Hi Kevin , how are things ?
I hope all is well!
I'm a noob and as such I'm no pro in any way , but I feel that I can help you just a little here, :mrgreen: 
In my experience , all of the connectors in your first image should contain gold plated pins. Some may only be partly plated , but it all adds up!
In your second image , apart from the obvious gold plating on the edge connector fingers , in my experience there will be microscopic gold wires running through the IC's. 

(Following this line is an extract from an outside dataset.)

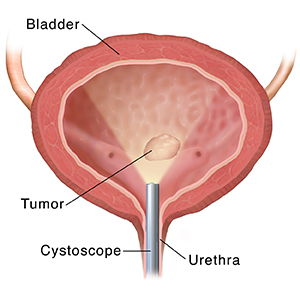 Front view cross section of bladder showing cystoscope inserted through ureter.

Magnified IC gold wire image ; http://tinyurl.com/6f722q5

Your rambus ram sticks again have the obvious gold plated edge connectors , but have no IC's , only exposed silicon chips under the metal plate. I'm not too familiar with this kind of ram yet so someone else should be able to advise more on these.
Both types of ram should also have soldered onto them some monolithic capacitors. These can contain PGM's (platinum group metals).
Again , I'm not overly famimiar with the type of IC's in your last two images , although I can say that as hard as I've looked at this type through a microscope I have yet to find any gold wore running through them.
They could contain some silver , or even some PGM's , but I really don't know.
Again someone else with more experience with these should be able to advise.
I hope that this can give you an idea ,
All the best with it and kind regards ,
Chris

(Edited to include link to image)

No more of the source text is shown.